Nate passed away in May 2010. But he kept a shrine to the Toddfather and the Rockies, a “Helton Wall of Fame,” through thick and thin.
“He had a great conversation with Todd prior to (Game 1) and he introduced (Nate) to other players as well,” Mark Jurney, Nate’s father, emailed me Tuesday.
“I know that his experiences were priceless. Seeing Todd get selected to the (Hall of Fame) would be a tremendous accomplishment and I know Nate has been voting for him all along.”
It took the scribes a little longer to follow a Heavenly hint. But they got there.

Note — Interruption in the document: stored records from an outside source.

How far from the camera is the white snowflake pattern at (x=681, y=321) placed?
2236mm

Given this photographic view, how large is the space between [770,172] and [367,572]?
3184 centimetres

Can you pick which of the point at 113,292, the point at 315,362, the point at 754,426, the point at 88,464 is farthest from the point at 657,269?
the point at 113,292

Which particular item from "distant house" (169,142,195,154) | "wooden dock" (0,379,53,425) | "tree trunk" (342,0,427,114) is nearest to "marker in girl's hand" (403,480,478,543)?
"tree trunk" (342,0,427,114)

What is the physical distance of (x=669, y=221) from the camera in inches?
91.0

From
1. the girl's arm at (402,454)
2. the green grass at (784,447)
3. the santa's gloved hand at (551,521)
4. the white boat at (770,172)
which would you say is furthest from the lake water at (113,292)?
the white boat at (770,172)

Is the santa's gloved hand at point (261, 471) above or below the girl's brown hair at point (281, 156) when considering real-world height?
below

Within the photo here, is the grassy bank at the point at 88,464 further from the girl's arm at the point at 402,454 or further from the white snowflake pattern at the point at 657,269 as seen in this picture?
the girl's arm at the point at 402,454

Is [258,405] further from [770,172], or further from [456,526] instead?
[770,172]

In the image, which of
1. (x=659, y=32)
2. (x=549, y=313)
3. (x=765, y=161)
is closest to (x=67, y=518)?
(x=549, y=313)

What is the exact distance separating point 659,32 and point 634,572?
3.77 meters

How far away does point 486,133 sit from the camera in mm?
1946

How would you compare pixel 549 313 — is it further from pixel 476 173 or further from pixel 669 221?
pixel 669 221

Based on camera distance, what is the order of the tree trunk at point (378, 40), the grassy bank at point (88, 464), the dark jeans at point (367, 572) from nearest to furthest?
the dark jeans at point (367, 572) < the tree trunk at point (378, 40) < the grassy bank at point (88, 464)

“You’re going to be in the Hall of Fame someday,” Dugger told Helton, back in 2010, about three years before No. 17 hung ’em up.
Helton looked at Doogie as if he was wearing a rubber duck for a hat.
“No, dude,” the trainer continued. “You have what it takes to be there. You’ve got all the intangibles. You might be short on a couple of these (counting) stats, but you’re going to be up there.”
Helton shrugged.
Not now, Mick. Not the time.
“When guys are playing, they don’t look at that stuff, nor should they,” Dugger said. “It’s not until the very end of their careers that they look.
“Todd would be hitting .310 and be unhappy sometimes. I was like, ‘Yeah, dude. Not everybody hits .350.’”
Few pull it off twice. Fewer still ride that lightning all the way to Cooperstown, through Hades and back, spitting nails with every step.